Aber, meine Damen und Herren, es ist doch offensichtlich: hier geht es gar nicht um den Fall Kluge, sondern darum, einen neuen Anlaß auszunützen, um eine Atmosphäre der Verhetzung, eine Atmosphäre des Hasses zu schaffen, um auf jeden Fall und von vornherein alle Versuche, zu einer Verständigung zu gelangen, mögen sie kommen, woher auch immer, zu stören und zur Unwirksamkeit zu verurteilen.
Zum Schluß noch ein Wort an den Herrn Kollegen Lemmer. Mir scheint, Herr Kollege Lemmer, Sie kommen nicht oft genug in die Bundesrepublik; Sie hätten sonst etwas anders sprechen müssen. Ich gehe mit Ihnen durchaus einig, wenn Sie darüber klagen, daß man so allerlei Schwierigkeiten über sich ergehen lassen muß, wenn man von Braunschweig nach Magdeburg fahren will. Sie sind aber offensichtlich nicht genügend über die Praxis hinsichtlich der Interzonenpässe auf der Seite des, wie Sie sagen, „freien Deutschlands" orientiert.

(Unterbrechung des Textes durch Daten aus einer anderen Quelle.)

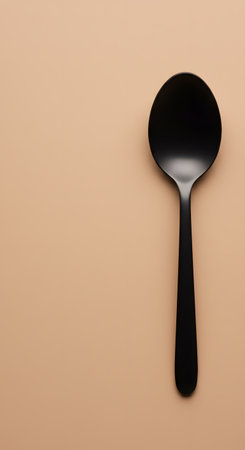 Black plastic spoon on beige background.の素材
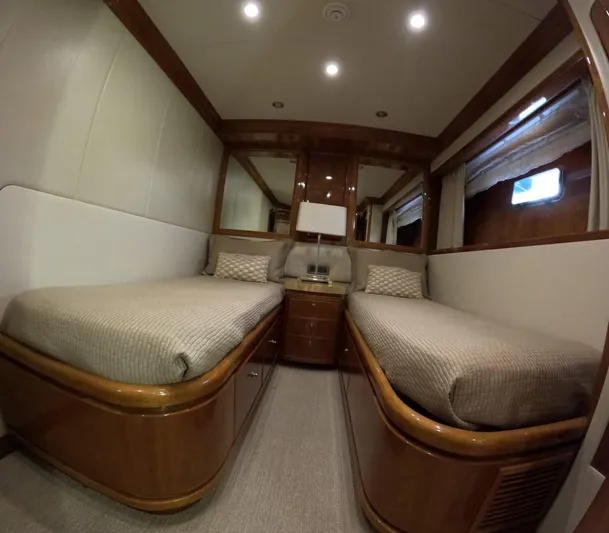 Sterling V Yacht Photos Pics Luxurious twin cabin interior on 2007 Hargrave 93' yacht, featuring elegant wood finishes.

Andernfalls müßten Sie wissen, daß Tausenden von Menschen die Ausstellung von Interzonenpässen verweigert wird und daß ein Bürger der Deutschen Demokratischen Republik, der im Besitze eines Interzonenpasses ist, in dem sogenannten freien Deutschland keineswegs vor der Verhaftung geschützt ist.
Sie mögen einmal Herrn Kaiser oder Herrn Lehr fragen, in wie vielen Fällen Besitzer eines ordnungsmäßigen Interzonenpasses auf dem Boden des sogenannten freien Deutschlands verhaftet worden sind.
Noch etwas. Sie sagen, es sei eine Schande, daß auf einen achtzehnjährigen Jungen geschossen worden sei. Wissen Sie denn nicht, Herr Lemmer, daß im Jahre 1951 der Grenzschutz und die Bereitschaftspolizei auf höchsten Befehl dieser Regierung in Hunderten von Fällen auf Jugendliche und Kinder geschossen haben, die den Versuch zur Überschreitung der Zonengrenze gemacht haben,
um an den Weltjugendfestspielen in Berlin teilzunehmen?